The sample positioner consists of a swivel table that adjusts the incident angle of the X-ray to satisfy the Bragg diffraction condition, a Y-axis linear table that scans the sample parallel to the sample surface to keep the X-ray focal point and the irradiation point of the sample at the same position, and Z-axis and X-axis tables that adjust the vertical and horizontal positions of the sample. All tables are driven by a stepping motor and controlled remotely.

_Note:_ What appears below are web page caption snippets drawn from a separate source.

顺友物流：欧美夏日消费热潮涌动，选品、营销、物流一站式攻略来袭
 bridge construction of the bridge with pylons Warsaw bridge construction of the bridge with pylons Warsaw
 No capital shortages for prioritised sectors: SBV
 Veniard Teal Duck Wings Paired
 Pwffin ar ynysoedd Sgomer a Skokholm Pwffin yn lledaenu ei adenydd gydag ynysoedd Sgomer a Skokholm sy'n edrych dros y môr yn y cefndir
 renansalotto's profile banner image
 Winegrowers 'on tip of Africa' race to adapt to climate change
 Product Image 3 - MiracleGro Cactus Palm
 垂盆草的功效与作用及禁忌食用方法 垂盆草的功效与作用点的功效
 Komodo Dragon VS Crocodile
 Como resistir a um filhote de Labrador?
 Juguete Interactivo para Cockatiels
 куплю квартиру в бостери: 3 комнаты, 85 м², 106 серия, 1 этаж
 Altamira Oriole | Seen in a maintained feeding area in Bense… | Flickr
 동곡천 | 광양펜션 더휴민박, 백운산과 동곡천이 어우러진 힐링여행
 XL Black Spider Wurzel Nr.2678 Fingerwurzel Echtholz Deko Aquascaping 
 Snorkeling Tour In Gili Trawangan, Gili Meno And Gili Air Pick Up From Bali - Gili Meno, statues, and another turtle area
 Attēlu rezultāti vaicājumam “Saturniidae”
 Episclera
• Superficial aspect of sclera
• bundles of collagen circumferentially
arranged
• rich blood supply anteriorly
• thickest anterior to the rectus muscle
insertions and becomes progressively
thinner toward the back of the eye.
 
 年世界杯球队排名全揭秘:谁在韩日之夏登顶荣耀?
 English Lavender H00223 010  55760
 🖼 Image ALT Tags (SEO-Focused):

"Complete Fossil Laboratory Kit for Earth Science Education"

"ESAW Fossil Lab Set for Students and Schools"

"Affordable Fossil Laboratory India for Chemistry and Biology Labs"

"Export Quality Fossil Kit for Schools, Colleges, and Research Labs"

A lens-coupled X-ray imager (Rad device, Xsight Micron™) is used for the X-ray micro imager. The incident X-rays are converted to visible light by a phosphor and then imaged onto an sCMOS visible camera (Andor Zyla, pixel size: 6.5 μm, 2048 × 2048 pixels) by the visible light lens system. We utilize a 5 × objective lens with the pixel size of 1.3 μm and the field of view of 2.6 mm2. The imager is mounted on the 2θ arm of the X-ray diffractometer of the microbeam system. To reduce image blurring, we limit the distance between the X-ray imager and sample to within 5 mm using the height table of the 2θ arm.

Obtained topograms are shifted when scanning the sample along the Y-axis (as shown in Fig. 7b), so we reconstruct a standard 3D topogram with a ratio of 1:1:1 and orthogonally intersect each axis by shifting, stacking, and rotating each topogram using SAKAS-Viewer28 and Image J.